Puede ser que uno de los aspectos o agentes
definitorios del ser humano respecto a otras especies animales es que somos
capaces de demostrar nuestra estupidez a primeras de cambio. Además, la
estupidez contiene en sí misma una propiedad de encadenamiento que posibilita
que cualquier majadería fruto de la evolución humana sea capaz de generar otra del
mismo grado o superior a aquella. Esta sucesión o concatenación de tonterías
humanas puede multiplicarse ad infinitum.
Nuestro primer factor de estupidez humana surge con
nosotros mismos y nos acompaña desde nuestra más tierna infancia. Es nuestra
posición bípeda la que condiciona un canal del parto especialmente estrecho en
la población femenina. Es decir, al adoptar la posición erguida el
“reordenamiento” del sistema óseo y demás casquería propia del cuerpo provocan
una reducción de la capacidad “de paso” del canal del parto. Evidentemente, la
naturaleza, en sus sabios designios, solucionó el desaguisado provocado por la
propensión humana a caminar de pie, ya sea para otear mejor la procelosa sabana
africana o por lo qué sea en última instancia lo que nos llevó a abandonar el
árbol y aventurarnos en tierra firme. La solución es simple: el periodo de
gestación de nuestras crías se acorta considerablemente; de esta manera, al
nacer, el no formado cráneo del bebé puede adaptarse al paso por el estrecho camino
que le llevará a la luz. De ahí esa extraña forma de las cabecitas de las crías
humanas.
Si la solución parecía ingeniosa, no estaba exenta
de problemas. Al precipitarse el periodo de gestación la cría humana, homínida
o pre – homínida según el periodo en cuestión, veía la luz del sol más pronto
de lo que debería. En otras palabras, el bollo no había pasado suficiente
tiempo en el horno y el proceso de formación del feto no se había completado
(si esto pasase, el cráneo ya formado del niño o niña en cuestión no pasaría
por el canal del parto). En definitiva, el recién nacido homínido era arrojado
al caluroso suelo de la sabana africana sin defensa alguna posible. La única
respuesta que la evolución humana fue capaz de ofrecer consistía en la
formación de una familia en la que la hembra de la especie contaría con la
protección del macho (o viceversa) y el bebé pre – homínido, homínido o humano
en cuestión podría ser criado sin miedo a ser plato tierno de alguno de los
salvajes animales que por entonces campaban a sus anchas por la sabana.

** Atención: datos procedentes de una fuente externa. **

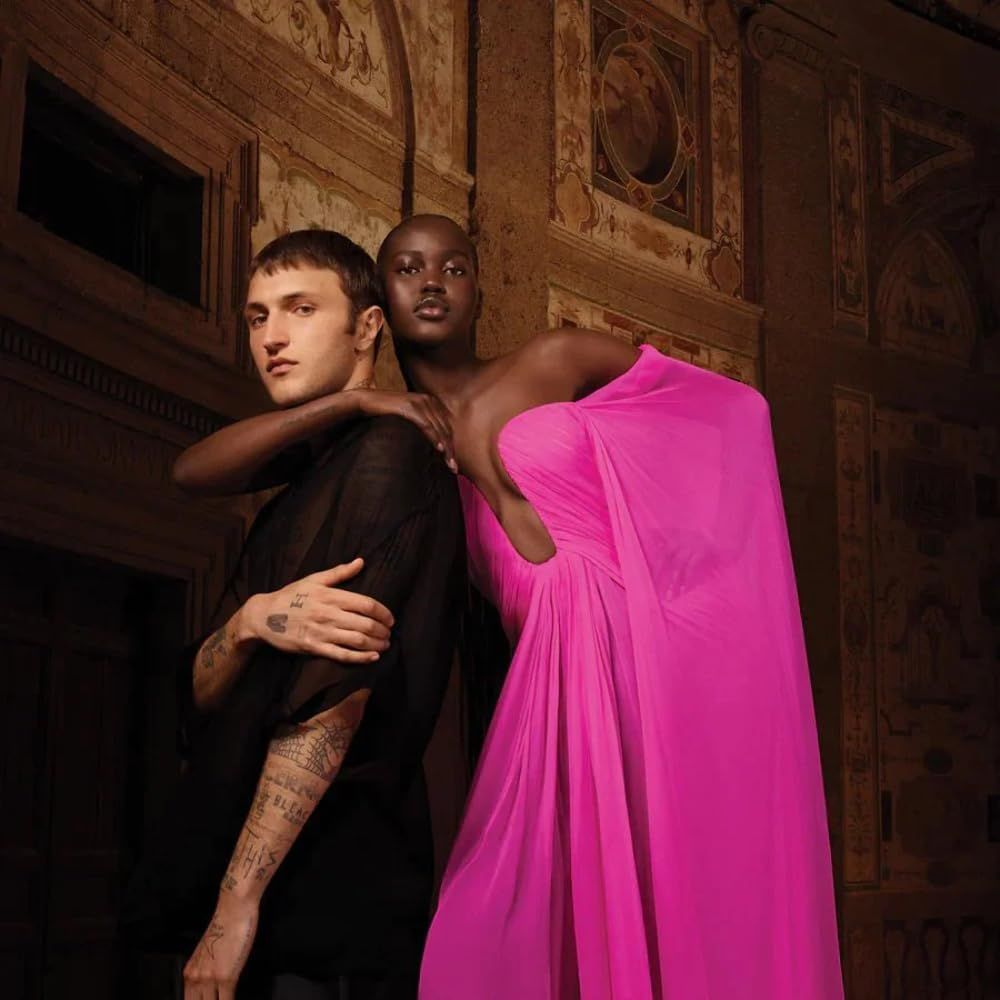 Due persone davanti a un affresco. Una persona in nero, l'altra in un abito rosa. Entrambi guardano la fotocamera.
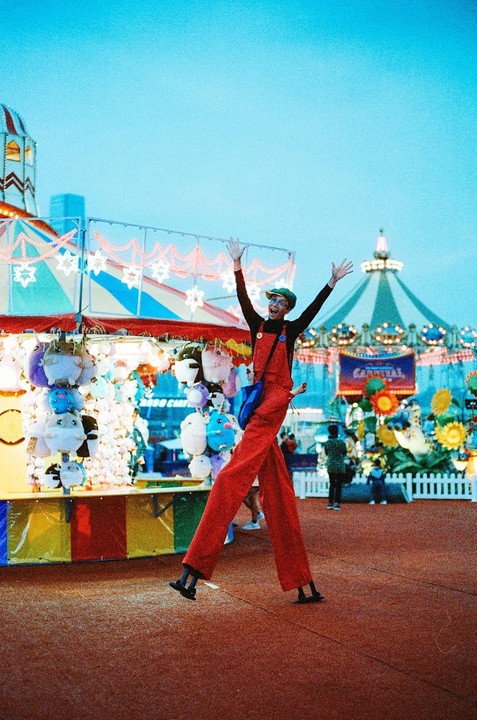 A person on stilts with arms raised stands in front of a carnival game booth with stuffed animals and a carousel in the background.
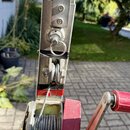 Fotografie detailu kovového mechanismu s navíjecím lanem a červenou klikou. Součásti jsou vyrobeny z kovu s viditelnými známkami opotřebení, škrábanc…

Nacía así esa institución tan arraigada en cualquier
cultura humana: la familia. Pues bien, evidentemente ante la solución planteada
al problema de la cría sin formar que a su vez era producto de una gestación
insuficiente concebida para poder resolver el entuerto derivado de la
bipedestación, la familia pronto se iba a encontrar en peligro. De ahí a la
sociedad, al trabajo mal remunerado en el mejor de los casos, a las hipotecas
basura y a la prima de riesgo, hay un paso. Triste pero cierto, la estupidez
humana es la verdadera clave evolutiva.